Material provided:
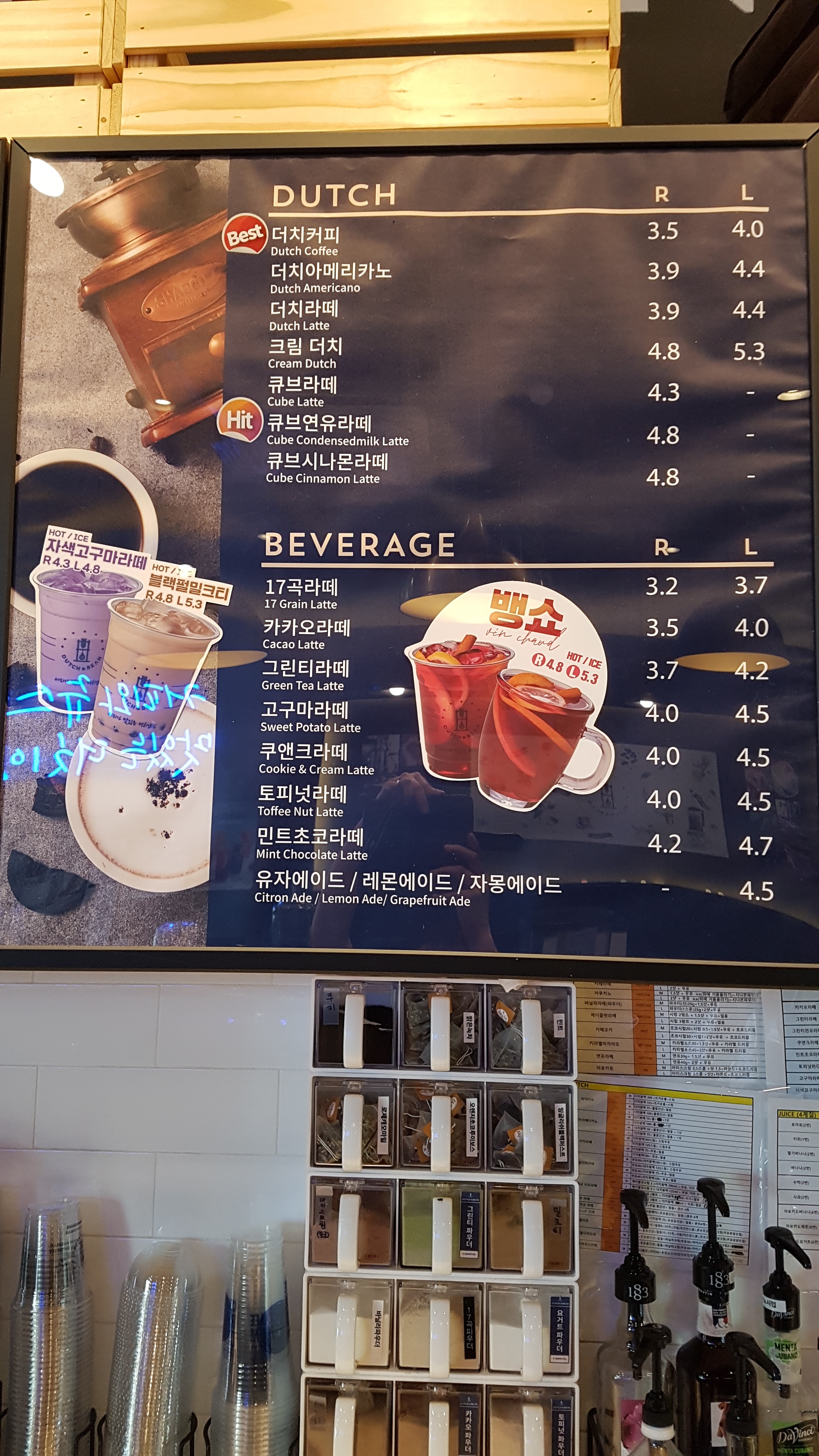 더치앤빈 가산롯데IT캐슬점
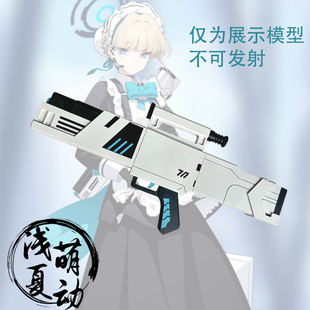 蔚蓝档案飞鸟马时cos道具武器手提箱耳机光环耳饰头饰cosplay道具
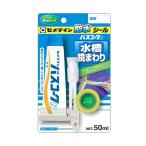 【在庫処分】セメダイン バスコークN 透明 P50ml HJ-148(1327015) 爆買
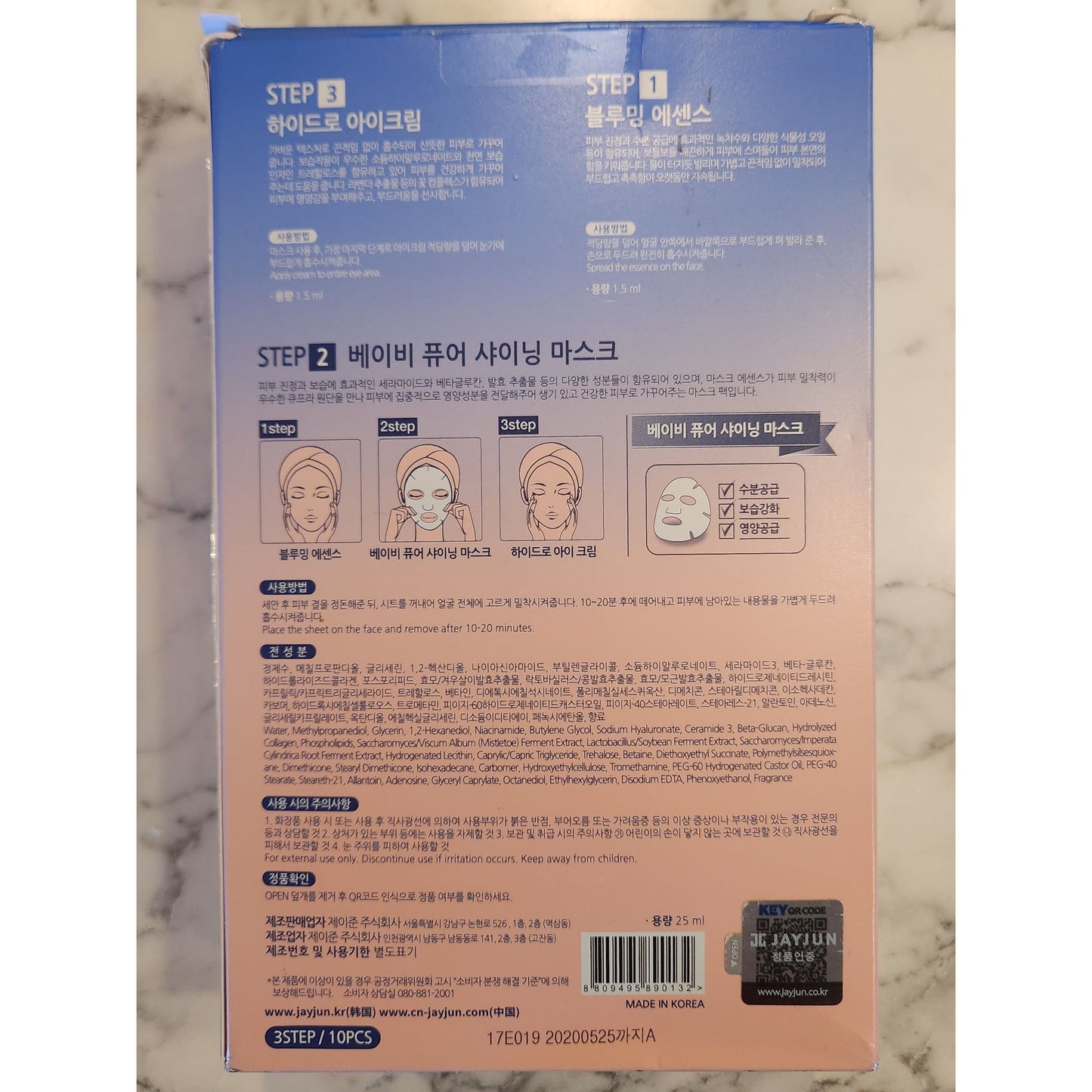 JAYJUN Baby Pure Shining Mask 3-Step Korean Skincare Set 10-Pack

---

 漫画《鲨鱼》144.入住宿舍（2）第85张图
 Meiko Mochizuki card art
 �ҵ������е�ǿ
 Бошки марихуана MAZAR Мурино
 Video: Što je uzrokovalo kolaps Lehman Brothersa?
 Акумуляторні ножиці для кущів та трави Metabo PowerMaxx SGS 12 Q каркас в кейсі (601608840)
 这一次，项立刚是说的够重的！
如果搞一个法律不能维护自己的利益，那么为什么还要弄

About this task:
Where the listing above reaches the line that contains "Meiko Mochizuki card art", start retyping, and finish with the line that contains "如果搞一个法律不能维护自己的利益，那么为什么还要弄"; reproduce those lines exactly and no others.

Reply:
 Meiko Mochizuki card art
 �ҵ������е�ǿ
 Бошки марихуана MAZAR Мурино
 Video: Što je uzrokovalo kolaps Lehman Brothersa?
 Акумуляторні ножиці для кущів та трави Metabo PowerMaxx SGS 12 Q каркас в кейсі (601608840)
 这一次，项立刚是说的够重的！
如果搞一个法律不能维护自己的利益，那么为什么还要弄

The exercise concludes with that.